# Cost of Living in Florida compared to Australia?



## formerfire (May 21, 2010)

Hi, 

We are considering coming to the US for a year. My biggest question is whether or not a family could live on $40-60k savings for one year in or around Ft Lauderdale.

I can't seem to find comparisons of cost of living in Florida vs Australia. We manage fine on that in Australia.

Can anyone give me an idea of costs ...ie food, gas, electricity, other hidden costs?

Thanks so much


----------



## twostep (Apr 3, 2008)

You give not a lot to work with. Family can mean two youngsters starting out or papa/mama/kids/dogs/set expectations.
Either way housing/transportation will have some major impact on your budget.


----------



## formerfire (May 21, 2010)

twostep said:


> You give not a lot to work with. Family can mean two youngsters starting out or papa/mama/kids/dogs/set expectations.
> Either way housing/transportation will have some major impact on your budget.


Oh sorry, 

Two adults with 3 kids in elementary school. We don't need to live a luxurious lifestyle just a decent one. Thinking of renting a 3br house or apartment in an area such as...Plantation, Pembroke Pines, Weston, Miramar (?). The kids will go to public school. We won't be doing the usual touristy things, just experiencing life in Fl to see if we would like to stay. We still own a house in Australia. I know i can look online for rental prices, but I guess I am trying to get a feel for how doable it is. Most forums i have seen say the cost of living in the USA in general (other than NY) is 1/3 to 1/2 cheaper so I am wanting to see if this is true or not.

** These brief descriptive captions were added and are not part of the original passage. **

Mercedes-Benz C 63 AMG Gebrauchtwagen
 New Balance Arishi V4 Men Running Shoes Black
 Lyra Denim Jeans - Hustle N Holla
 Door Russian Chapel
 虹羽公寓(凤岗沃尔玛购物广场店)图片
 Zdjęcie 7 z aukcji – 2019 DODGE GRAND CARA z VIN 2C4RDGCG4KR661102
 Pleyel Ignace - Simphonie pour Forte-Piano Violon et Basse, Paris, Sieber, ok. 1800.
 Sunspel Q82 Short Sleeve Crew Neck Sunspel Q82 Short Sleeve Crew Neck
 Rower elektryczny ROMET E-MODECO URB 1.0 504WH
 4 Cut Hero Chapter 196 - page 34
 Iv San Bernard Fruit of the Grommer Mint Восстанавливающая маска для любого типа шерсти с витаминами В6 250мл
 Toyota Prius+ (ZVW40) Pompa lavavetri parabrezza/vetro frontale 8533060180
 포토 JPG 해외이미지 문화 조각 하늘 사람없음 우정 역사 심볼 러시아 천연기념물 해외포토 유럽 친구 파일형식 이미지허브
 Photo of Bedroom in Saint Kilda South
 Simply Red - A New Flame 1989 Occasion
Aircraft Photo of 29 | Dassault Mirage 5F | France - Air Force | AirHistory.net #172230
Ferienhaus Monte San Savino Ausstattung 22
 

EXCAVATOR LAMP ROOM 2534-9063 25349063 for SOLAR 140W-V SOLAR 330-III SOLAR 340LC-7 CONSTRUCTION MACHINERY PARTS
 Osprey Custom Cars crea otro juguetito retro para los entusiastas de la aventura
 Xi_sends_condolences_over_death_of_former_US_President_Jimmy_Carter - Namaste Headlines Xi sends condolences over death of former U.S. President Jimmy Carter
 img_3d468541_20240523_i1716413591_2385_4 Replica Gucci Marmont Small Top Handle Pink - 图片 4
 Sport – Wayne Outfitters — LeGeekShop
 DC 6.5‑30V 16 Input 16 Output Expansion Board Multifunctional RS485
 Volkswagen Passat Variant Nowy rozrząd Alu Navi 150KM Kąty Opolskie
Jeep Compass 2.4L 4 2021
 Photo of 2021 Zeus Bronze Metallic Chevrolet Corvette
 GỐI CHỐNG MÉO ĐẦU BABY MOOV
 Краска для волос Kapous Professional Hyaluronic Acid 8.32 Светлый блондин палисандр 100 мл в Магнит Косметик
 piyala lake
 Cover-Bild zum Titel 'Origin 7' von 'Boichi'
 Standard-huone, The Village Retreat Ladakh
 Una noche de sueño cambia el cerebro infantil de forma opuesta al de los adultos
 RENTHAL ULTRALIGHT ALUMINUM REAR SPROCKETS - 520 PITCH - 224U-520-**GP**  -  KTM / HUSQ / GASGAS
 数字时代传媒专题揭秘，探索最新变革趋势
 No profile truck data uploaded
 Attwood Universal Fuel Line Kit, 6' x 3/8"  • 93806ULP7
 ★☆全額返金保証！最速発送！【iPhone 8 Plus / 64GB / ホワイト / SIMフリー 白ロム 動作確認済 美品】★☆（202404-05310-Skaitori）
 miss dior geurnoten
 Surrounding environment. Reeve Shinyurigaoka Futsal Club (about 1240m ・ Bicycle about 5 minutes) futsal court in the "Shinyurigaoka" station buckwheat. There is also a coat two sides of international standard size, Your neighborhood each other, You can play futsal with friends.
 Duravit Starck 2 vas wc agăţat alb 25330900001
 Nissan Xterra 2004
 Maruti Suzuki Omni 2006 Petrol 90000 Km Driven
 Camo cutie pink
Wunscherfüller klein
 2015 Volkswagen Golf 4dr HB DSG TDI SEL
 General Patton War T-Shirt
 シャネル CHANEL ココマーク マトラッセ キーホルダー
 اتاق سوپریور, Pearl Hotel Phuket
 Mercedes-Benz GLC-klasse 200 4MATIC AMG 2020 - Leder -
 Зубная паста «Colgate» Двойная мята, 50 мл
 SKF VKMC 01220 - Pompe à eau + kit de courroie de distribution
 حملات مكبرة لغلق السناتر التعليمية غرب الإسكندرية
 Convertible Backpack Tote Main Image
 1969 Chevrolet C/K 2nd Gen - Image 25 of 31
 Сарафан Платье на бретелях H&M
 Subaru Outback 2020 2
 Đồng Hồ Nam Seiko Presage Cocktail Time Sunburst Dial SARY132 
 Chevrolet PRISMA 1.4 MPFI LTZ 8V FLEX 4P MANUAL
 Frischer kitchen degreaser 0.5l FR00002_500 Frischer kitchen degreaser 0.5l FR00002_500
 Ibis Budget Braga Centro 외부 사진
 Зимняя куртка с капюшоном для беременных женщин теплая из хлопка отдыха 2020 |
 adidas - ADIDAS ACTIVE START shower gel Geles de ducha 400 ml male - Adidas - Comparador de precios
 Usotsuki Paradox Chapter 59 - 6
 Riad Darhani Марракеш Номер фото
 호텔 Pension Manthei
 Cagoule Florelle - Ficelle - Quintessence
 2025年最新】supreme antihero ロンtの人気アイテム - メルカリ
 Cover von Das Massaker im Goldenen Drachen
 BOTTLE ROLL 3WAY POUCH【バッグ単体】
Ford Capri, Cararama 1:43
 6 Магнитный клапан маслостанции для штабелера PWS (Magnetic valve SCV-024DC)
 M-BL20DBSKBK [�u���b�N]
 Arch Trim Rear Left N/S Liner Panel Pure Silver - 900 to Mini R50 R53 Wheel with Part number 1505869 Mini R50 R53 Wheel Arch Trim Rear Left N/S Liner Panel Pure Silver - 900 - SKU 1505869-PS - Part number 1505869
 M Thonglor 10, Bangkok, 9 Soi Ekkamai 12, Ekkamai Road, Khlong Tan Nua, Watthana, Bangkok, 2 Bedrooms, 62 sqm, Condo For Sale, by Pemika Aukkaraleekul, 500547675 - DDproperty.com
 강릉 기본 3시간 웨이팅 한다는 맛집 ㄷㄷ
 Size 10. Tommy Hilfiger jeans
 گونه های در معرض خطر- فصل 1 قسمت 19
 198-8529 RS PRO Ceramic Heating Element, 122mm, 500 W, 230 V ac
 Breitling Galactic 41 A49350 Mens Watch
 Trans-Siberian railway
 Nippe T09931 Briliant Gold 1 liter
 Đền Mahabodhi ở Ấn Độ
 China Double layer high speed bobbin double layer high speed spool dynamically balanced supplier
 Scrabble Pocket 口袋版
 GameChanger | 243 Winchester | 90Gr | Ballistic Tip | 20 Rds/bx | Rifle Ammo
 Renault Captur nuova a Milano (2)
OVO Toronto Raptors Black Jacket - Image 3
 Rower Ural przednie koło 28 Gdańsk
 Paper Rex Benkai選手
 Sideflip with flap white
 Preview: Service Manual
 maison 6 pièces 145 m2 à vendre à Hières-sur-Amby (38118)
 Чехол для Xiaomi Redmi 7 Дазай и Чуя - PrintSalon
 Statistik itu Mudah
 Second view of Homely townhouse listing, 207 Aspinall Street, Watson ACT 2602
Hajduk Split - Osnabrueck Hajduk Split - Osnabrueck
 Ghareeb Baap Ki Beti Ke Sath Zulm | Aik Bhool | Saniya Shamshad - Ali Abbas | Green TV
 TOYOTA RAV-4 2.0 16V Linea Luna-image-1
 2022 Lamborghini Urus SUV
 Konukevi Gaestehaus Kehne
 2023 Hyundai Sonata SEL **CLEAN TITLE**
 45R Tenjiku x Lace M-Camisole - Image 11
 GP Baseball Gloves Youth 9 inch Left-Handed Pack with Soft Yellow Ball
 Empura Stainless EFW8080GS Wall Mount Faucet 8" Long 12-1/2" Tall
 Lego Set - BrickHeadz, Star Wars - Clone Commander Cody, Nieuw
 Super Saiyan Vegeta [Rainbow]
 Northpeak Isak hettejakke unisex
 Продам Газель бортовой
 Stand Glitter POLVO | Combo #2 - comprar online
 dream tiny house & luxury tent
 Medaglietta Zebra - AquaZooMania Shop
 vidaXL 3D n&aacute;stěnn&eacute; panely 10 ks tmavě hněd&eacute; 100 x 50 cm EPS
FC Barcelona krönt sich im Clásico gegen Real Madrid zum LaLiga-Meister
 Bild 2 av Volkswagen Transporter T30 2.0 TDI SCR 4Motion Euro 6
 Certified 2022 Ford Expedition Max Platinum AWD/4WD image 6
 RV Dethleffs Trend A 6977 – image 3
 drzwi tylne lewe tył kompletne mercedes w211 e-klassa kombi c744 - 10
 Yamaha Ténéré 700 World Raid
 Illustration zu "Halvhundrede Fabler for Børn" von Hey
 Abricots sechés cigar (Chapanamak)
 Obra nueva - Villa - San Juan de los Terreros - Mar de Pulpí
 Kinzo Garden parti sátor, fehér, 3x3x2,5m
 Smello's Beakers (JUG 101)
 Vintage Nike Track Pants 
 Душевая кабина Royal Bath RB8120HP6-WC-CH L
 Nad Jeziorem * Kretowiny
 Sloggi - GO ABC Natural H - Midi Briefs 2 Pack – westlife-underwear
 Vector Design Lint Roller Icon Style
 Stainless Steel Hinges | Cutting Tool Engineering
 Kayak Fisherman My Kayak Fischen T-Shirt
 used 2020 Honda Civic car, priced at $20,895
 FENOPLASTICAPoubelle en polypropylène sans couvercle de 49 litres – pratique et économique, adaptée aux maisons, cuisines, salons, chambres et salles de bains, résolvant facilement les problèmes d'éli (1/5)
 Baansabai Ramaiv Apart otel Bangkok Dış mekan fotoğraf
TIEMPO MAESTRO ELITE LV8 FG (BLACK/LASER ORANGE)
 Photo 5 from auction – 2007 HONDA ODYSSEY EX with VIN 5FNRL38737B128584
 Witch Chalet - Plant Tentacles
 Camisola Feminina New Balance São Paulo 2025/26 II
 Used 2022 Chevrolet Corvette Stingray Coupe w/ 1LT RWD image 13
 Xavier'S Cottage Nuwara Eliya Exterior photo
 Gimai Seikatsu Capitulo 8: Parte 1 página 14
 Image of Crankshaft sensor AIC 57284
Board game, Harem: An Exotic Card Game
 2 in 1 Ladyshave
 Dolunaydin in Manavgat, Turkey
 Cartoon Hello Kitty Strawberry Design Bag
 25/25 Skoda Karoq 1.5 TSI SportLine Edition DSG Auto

Really appreciate any help or tips you have.


----------



## twostep (Apr 3, 2008)

What visa do you plan to use for that year?

With three little people in public school you will have to move to the right area for the best school. Check PM please.
Break down your budget of 60k - 
at least one vehicle plus insurance (there goes the first 10k+)
rent for 3 br plus insurance plus utilities/TV/internet/phone (there goes 20-30k)
groceries (google Publix, a FL based chain)
school supplies/lunches/extracurricular activities


----------



## formerfire (May 21, 2010)

silly question but where do i look for PM?

Thanks for your answers


----------



## twostep (Apr 3, 2008)

formerfire said:


> silly question but where do i look for PM?
> 
> Thanks for your answers


My fault. You cannot yet receive PMs.
Pull up a FL map by county; then google for school districts and other related info by the respective county.


----------